(Work to complete)
Set down all of the entries below exactly, and omit the pictures.

(Data shown)
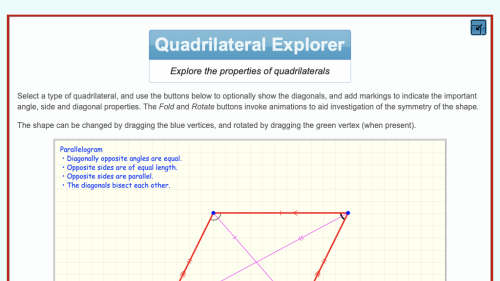 Screenshot of Quadrilateral explorer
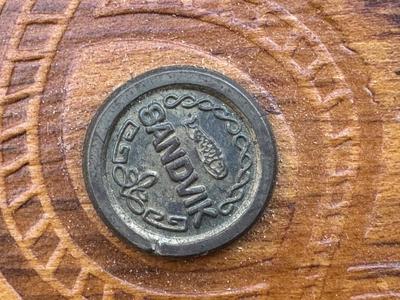 Vintage Sandvik Saw Hand Painted Street Scene by Merna S. Slabik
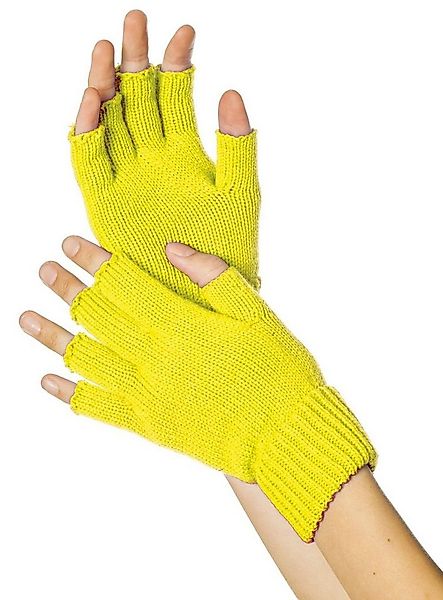 Metamorph Kostüm Fingerlose Strickhandschuhe neon-gelb, Mit Fingerspitzenge günstig online kaufen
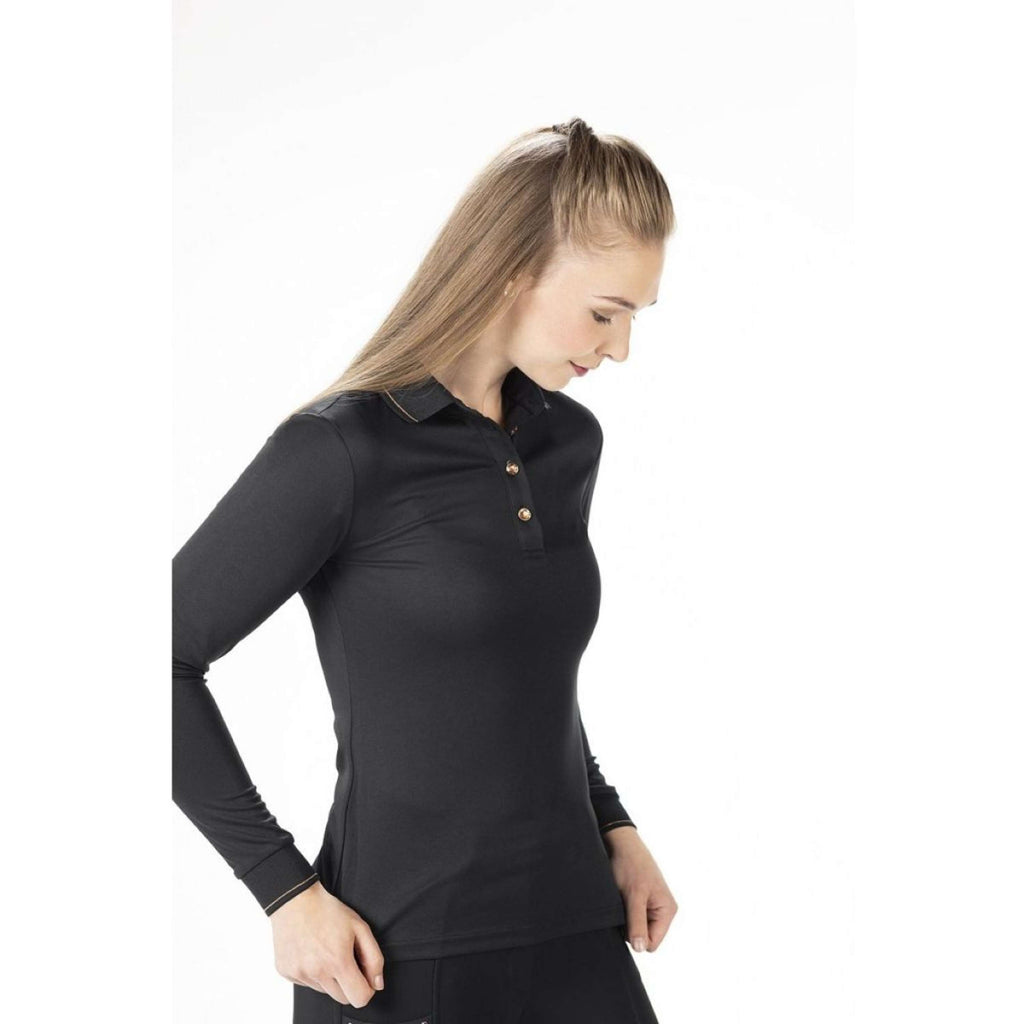 HKM Poloshirt Rosegold Glamour Longsleeve Black/Rosegold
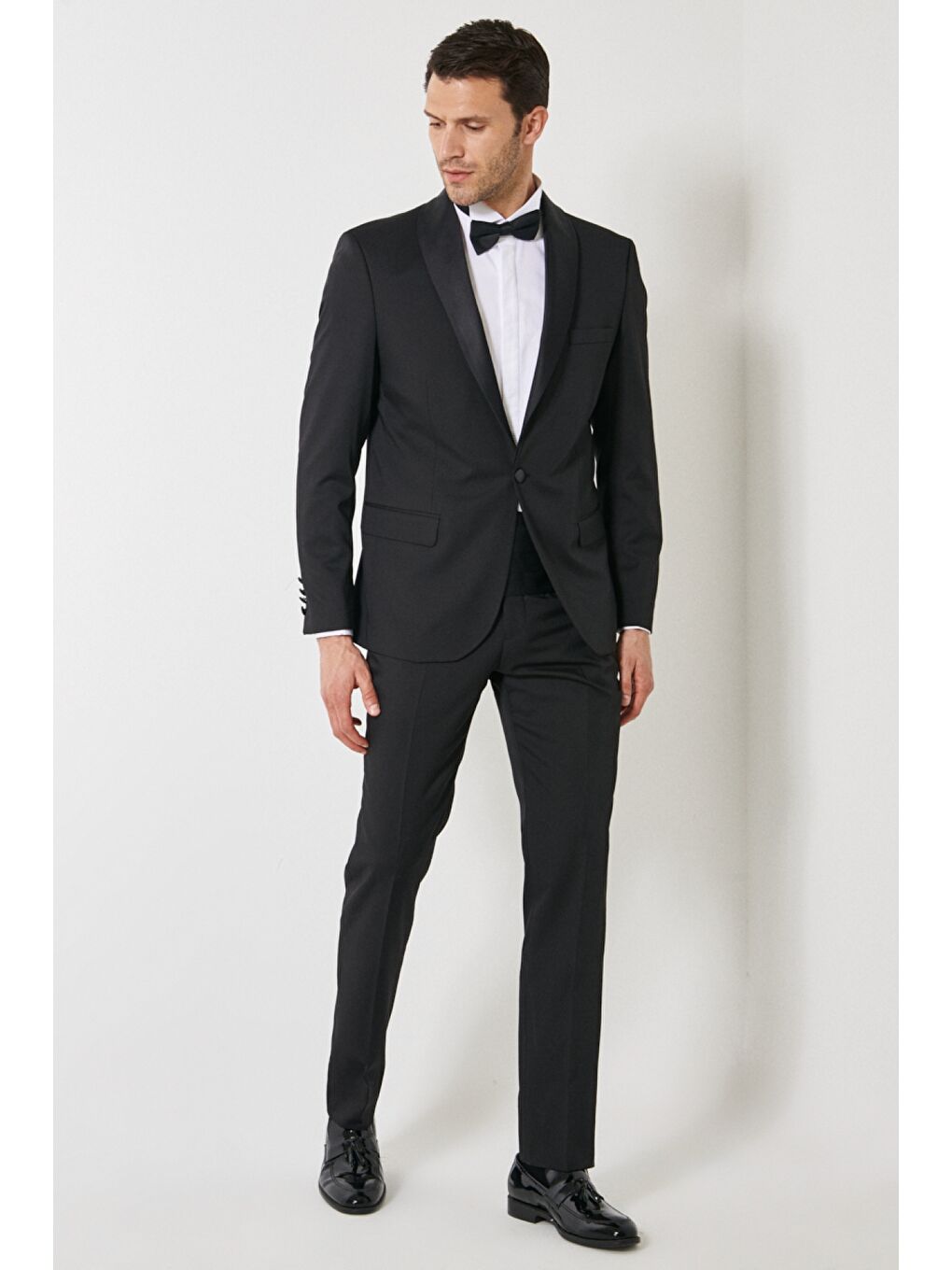 Erkek Siyah Ekstra Slim Fit Dar Kesim Şal Yaka Desenli Damatlık Smokin Takımı-4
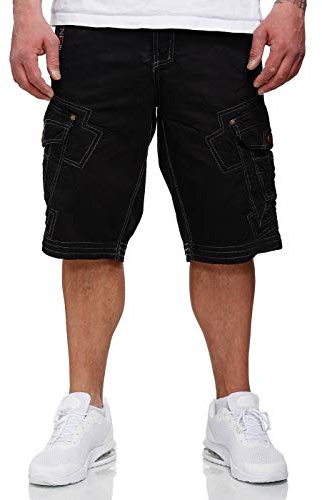 Geographical Norway panoramique män – bermudashorts herr sport cargo – shorts bermudas kort A bälte normalt snitt – man vår sommar, svart, XXL
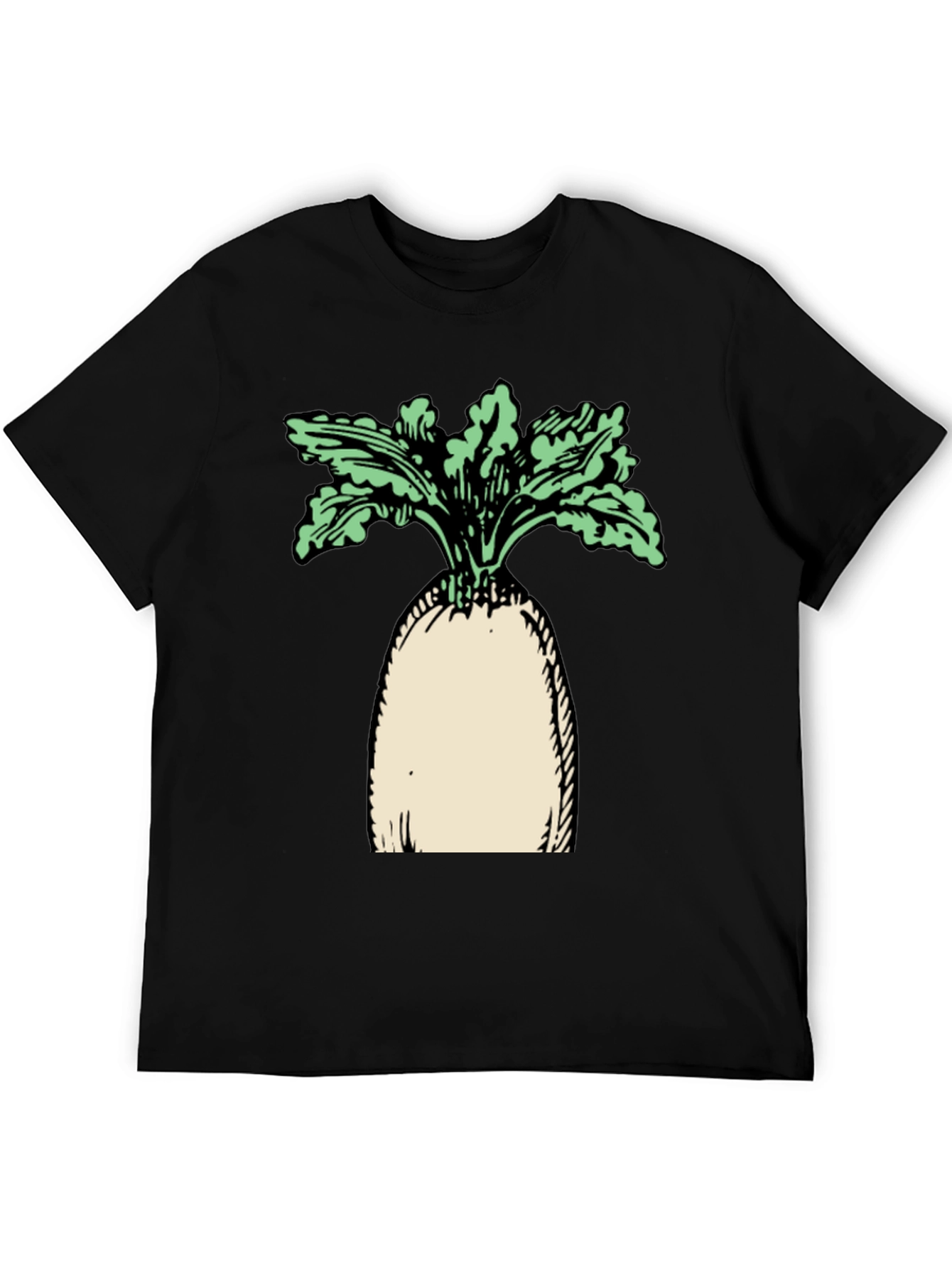 Radish Graphic Tee - Unisex Black Cotton T-Shirt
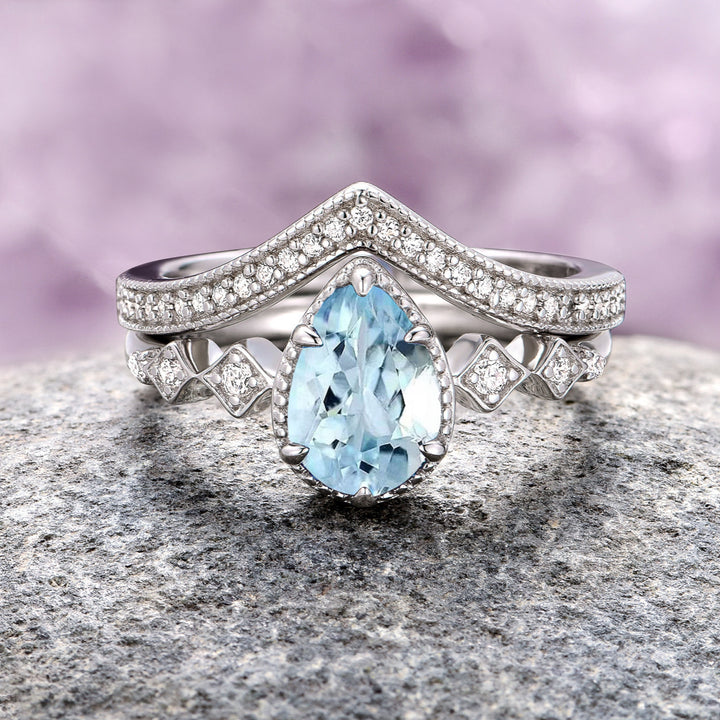 Teardrop Aquamarine Engagement Ring Set- 14K White Gold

(Output for this task)
 Screenshot of Quadrilateral explorer
 Vintage Sandvik Saw Hand Painted Street Scene by Merna S. Slabik
 Metamorph Kostüm Fingerlose Strickhandschuhe neon-gelb, Mit Fingerspitzenge günstig online kaufen
 HKM Poloshirt Rosegold Glamour Longsleeve Black/Rosegold
 Erkek Siyah Ekstra Slim Fit Dar Kesim Şal Yaka Desenli Damatlık Smokin Takımı-4
 Geographical Norway panoramique män – bermudashorts herr sport cargo – shorts bermudas kort A bälte normalt snitt – man vår sommar, svart, XXL
 Radish Graphic Tee - Unisex Black Cotton T-Shirt
 Teardrop Aquamarine Engagement Ring Set- 14K White Gold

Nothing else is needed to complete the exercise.